We so want to understand, to put things in neat little boxes so we can store them away. Sometimes we just have to accept.
I think the one boy’s mother set such an example for the community to follow. She said she forgave the shooter because if she carried all that hate in her heart, she would have no room for the memories of her son. Many, many have expressed that if she can forgive, so can they.
The minister of one of the local churches took a prayer shawl to the shooter’s grandmother and prayed with her.
Right now, there still seems to be a lot more disbelief than hatred toward the shooter, even from the kids in the school.
Milo,
That boys mother set an example that I wish everyone in the world would know this….
This is the type of thing that should be reported in the news so everyone would hear this.
We could all learn from her. A shinning light.
MiLo,
Just read some of the thread and realize that you live in the community recently vicitimized by the school shooting. Just wanted to tell you that I’m sorry this is happening to you and your community. I wish you well. (((Hugs))) from me and the Peanut!
Thanks LPMarie, it has been a tough week, plus. It is a small, rural community, not a place where violence usually takes place. Plus, everybody had some sort of a personal connection.
Really shakes your timbers.
Give the peanut a squeeze from me.
Sharing, Darwin, Eliz, Wits, Oxy, Sky…and anyone else who has supported me…
Thank you.
I didn’t want you guys to think I didn’t read your responses and/or don’t appreciate your support.

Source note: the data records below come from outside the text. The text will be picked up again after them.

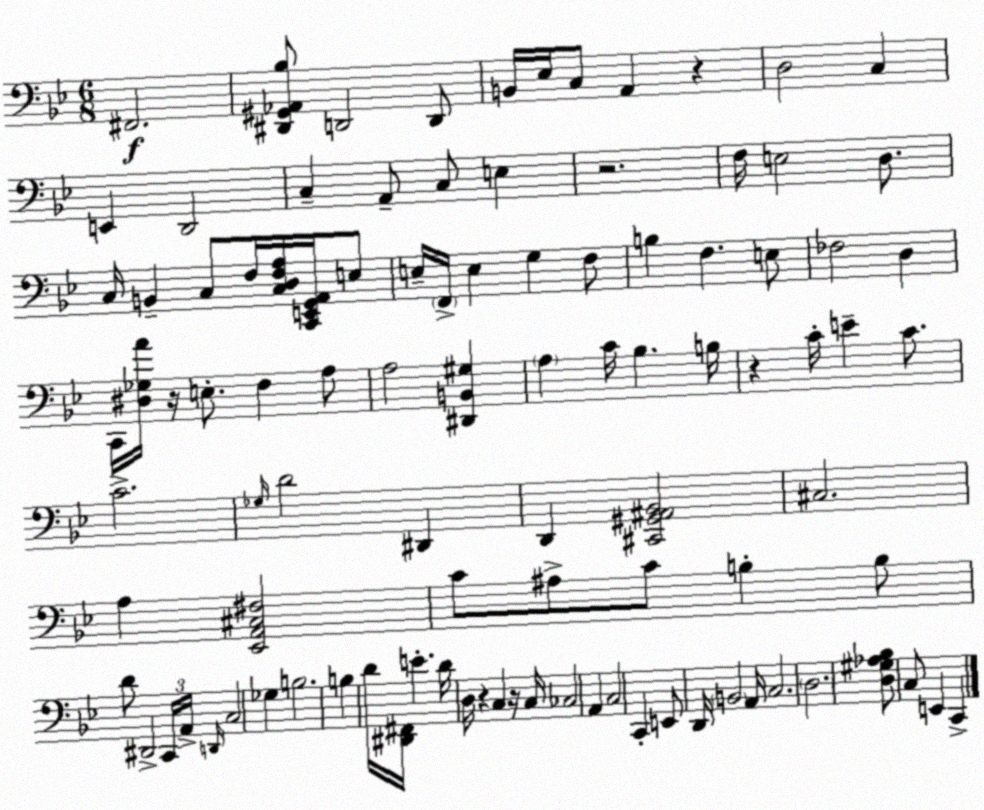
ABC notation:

X:1
T:Untitled
M:6/8
L:1/4
K:Bb
^F,,2 [^D,,^G,,_A,,_B,]/2 D,,2 D,,/2 B,,/4 _E,/4 C,/2 A,, z D,2 C, E,, D,,2 C, A,,/2 C,/2 E, z2 F,/4 E,2 D,/2 C,/4 B,, C,/2 F,/4 [C,D,F,A,]/4 [C,,E,,G,,A,,]/4 E,/2 E,/4 F,,/4 E, G, F,/2 B, F, E,/2 _F,2 D, C,,/4 [^D,_G,A]/4 z/4 E,/2 F, A,/2 A,2 [^D,,B,,^G,] A, C/4 _B, B,/4 z C/4 E C/2 C2 _G,/4 D2 ^D,, D,, [^C,,^G,,^A,,_B,,]2 ^C,2 A, [_E,,A,,^C,^F,]2 C/2 ^A,/2 C/2 B, B,/2 D/2 ^D,,2 C,,/4 A,,/4 D,,/4 C,2 _G, B,2 B, D/4 [^D,,^F,,]/4 E D/4 D,/4 z C, z/4 C,/4 _C,2 A,, C,2 C,, E,,/2 D,,/4 B,,2 A,,/4 C,2 D,2 [D,^G,_A,_B,]/2 C,/2 E,, C,,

My laptop is in repair so I depend on my two daughter’s and they’ve had homework! ugh!
I woke up this morning sad. It seems that one day I am angry and calm ….the next day I feel sad.
She called me for a ride and I gave it to her..yesterday.
So, today she called again. I was exhausted today from no sleep last night ….tossing and turning.
I barely made it through the day…subbing. I picked her up and decided to ask her if she wanted to come home.
She is still in “anger mode” and started complaining about me not buying her contacts and shutting her phone off.
I didn’t want to upset her…but I told her that I have feelings too and she hurt me with her text message terrorizing.
I told her that its not good to not be on good terms and have no r/s with her own mother and we need to talk sometime.
I asked her if she would come back if we figured out a way to give her, her own room.
She teared up and said that she wants HER old room back.
I explained the situation , financial.
She was getting upset. I asked why she wants me to drive her to work…have taxi service, …if she doesn’t want to have a relationship with me.
She said…”Let me out…I’ll walk’.
I told her not to be upset, I am almost there and I just want to iron things out with us.
She got out of the car and said…”I don’t need my own room, a phone, a car…..I need nothing!”
SO upsetting. I don’t know what to do anymore. She isn’t going to call me anymore for a ride. I don’t want her walking there.
This whole thing is going to be the death of me.